Lucy lightly nodded, her bottom lip pulled between her teeth. “He knew me so well, and he knew that I wouldn’t give up if I found out who murdered him, let alone have a perfect way to find him.”
“Is that why you didn’t go into the FBI?”
“I would’ve been too tempted,” she replied softly as she looked over to Vance. “I let Jones know everything I did, and I didn’t stick another finger into the investigation. If they know who the hit man was, I’m not aware of it. I stayed away from the FBI because I couldn’t deal with having so many people know about me, about my father, and much less knowing that I would have endless sources to lose myself in some ridiculous revenge plot.” Lucy ran a hand along her jaw, sighing. “So I planned on being a lame lawyer with a Stanford degree. But the books kicked up, and by not burying myself in legal work, I have more time to help by writing.”

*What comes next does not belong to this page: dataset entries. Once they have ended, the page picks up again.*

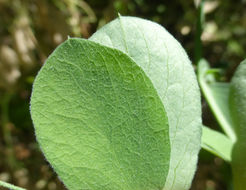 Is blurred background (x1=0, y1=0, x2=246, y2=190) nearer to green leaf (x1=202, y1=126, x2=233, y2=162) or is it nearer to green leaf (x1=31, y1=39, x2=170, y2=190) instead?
green leaf (x1=202, y1=126, x2=233, y2=162)

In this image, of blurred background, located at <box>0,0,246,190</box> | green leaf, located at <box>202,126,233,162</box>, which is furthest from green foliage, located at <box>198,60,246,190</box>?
blurred background, located at <box>0,0,246,190</box>

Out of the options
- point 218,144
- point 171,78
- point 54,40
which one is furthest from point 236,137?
point 54,40

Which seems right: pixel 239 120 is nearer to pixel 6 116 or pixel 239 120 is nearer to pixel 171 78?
pixel 171 78

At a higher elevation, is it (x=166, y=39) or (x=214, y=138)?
(x=166, y=39)

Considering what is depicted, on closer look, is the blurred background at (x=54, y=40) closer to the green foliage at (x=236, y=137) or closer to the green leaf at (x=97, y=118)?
the green foliage at (x=236, y=137)

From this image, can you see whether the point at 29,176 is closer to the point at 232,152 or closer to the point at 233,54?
the point at 233,54

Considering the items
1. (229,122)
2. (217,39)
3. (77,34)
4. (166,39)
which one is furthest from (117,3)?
(166,39)
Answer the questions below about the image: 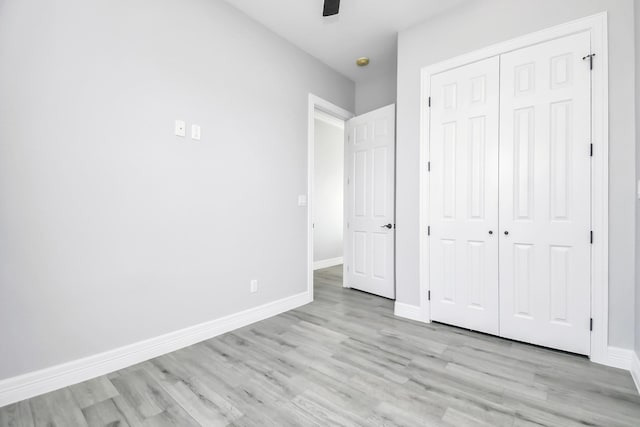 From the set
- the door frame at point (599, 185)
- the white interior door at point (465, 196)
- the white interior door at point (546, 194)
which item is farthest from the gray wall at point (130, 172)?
the door frame at point (599, 185)

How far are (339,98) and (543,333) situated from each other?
3.33 m

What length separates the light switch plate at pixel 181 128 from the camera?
228 cm

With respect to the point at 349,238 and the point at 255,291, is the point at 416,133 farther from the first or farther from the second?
the point at 255,291

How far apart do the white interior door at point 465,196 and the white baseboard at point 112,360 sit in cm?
187

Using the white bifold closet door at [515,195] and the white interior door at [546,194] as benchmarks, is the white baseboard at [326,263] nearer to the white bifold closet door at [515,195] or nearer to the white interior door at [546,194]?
the white bifold closet door at [515,195]

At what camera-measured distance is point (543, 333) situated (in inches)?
88.3

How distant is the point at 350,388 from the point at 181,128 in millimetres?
2244

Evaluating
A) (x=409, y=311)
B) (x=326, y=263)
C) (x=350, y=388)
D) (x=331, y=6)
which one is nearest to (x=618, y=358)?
(x=409, y=311)

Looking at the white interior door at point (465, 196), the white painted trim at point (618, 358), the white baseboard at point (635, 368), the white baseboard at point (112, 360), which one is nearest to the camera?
the white baseboard at point (112, 360)

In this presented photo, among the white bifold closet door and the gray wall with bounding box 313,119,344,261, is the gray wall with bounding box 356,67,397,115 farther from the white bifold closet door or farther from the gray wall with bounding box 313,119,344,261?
the gray wall with bounding box 313,119,344,261

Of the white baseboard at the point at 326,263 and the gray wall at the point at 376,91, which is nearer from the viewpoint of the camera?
the gray wall at the point at 376,91

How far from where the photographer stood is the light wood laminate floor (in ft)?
4.92

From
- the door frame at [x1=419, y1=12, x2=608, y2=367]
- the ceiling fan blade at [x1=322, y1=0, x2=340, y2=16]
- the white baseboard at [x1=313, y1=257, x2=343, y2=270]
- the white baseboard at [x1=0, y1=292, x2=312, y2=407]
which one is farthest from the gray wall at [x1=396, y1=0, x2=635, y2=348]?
the white baseboard at [x1=313, y1=257, x2=343, y2=270]

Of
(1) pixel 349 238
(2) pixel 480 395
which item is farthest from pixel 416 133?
(2) pixel 480 395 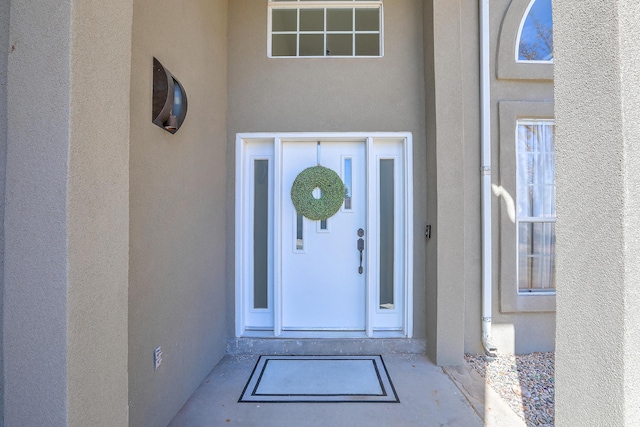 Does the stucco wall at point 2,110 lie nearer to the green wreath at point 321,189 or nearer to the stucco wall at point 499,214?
the green wreath at point 321,189

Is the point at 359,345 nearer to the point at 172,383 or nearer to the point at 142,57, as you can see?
the point at 172,383

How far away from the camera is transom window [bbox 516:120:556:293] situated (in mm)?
3182

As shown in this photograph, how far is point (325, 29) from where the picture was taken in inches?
128

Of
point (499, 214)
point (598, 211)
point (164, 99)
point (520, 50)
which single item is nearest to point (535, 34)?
point (520, 50)

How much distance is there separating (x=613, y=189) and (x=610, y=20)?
0.45 m

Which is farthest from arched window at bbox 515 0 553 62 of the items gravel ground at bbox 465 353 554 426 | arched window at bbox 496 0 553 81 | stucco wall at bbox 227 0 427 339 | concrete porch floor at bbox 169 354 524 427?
concrete porch floor at bbox 169 354 524 427

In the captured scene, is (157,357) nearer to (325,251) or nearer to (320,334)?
(320,334)

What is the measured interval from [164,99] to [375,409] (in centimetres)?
266

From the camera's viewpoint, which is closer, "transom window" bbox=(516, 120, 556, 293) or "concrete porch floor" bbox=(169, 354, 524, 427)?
"concrete porch floor" bbox=(169, 354, 524, 427)

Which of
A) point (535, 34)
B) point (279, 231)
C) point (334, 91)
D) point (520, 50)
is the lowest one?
point (279, 231)

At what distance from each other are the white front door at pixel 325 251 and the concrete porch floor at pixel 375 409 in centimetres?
82

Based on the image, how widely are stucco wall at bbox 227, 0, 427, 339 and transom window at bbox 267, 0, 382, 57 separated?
112 mm

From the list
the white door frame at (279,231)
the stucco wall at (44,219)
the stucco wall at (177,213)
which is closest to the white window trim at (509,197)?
the white door frame at (279,231)

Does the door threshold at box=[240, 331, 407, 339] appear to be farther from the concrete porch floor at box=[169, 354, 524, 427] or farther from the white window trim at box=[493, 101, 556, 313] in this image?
the white window trim at box=[493, 101, 556, 313] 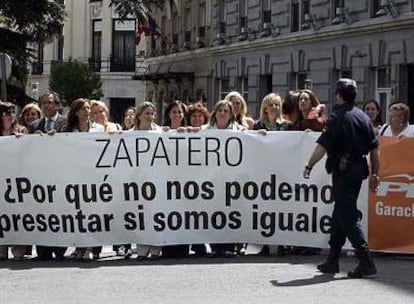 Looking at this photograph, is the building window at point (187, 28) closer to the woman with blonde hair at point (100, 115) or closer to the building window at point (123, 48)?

Vance hesitated briefly, “And you were close with Jones and Tyler?”
“Remarkably.” Lucy motioned over her shoulder with her chin, “Come on, I want to show you something.” She headed into the house, Alex greeting them warmly from exactly where he’d been when they had left. Going over to the bureau below the wall mounted TV, she opened the top drawer and removed a box with a Middle Eastern pattern that was incredibly familiar to Vance.
Following in behind her, Vance lingered by the settee as Lucy turned around to face him. His expression changed through confusion to mild wonder, “I was with him when he bought that in Bangladesh.”
“He sent it to me as a grad gift when I finished up at Stanford.” Lucy opened up the delicate box, photographs and mementoes inside. “We met as kids through our parents. Our dads went through the Academy together ages ago and they stayed friends.” She held out a picture to Vance, one she would never get rid of no matter what. “This was just before his first year at Penn and my last one in high school. His family stayed with us for a month in Phoenix before school started.”
Vance took the photo from her willingly, seeming to be discovering a new side of his best friend.
In the Phoenix heat with no signs of aging on their faces, it was the girl in front of him and a memory of his deceased partner with the brightest looks in their eyes. Tyler’s hair was a beautiful mess in the wind and laughter was no doubt evident under the glossy film.
The FBI agent’s lips parted, “I knew there was a girl, but he wouldn’t say much more than ‘Phoenix.’”
Lucy sat down on the armrest of the couch, the box still in her lap. “It was complicated between us. It went from a summer fling to spells of one of us avoiding the other on and off for years. Phoenix before college was really the only good time there was.”
“I can’t believe it,” expressed Vance with a light shake of his head. He offered the photo back out to Lucy, his mind shattered. “This is all so insane. You and Tyler, your dad being FBI, much less the clarity thing.”
“Clairvoyance,” Lucy said as she shut Tyler’s box and set it next to her. “And if you’re going to call me crazy, you can get the hell out of my house-”
Deveraux smiled lightly, “I don’t think you’re crazy, Lucy.”
Her eyes narrowed slightly, evaluating the strange expression on Vance’s face. “What are you thinking?”
“I’m thinking we should get you on payroll.”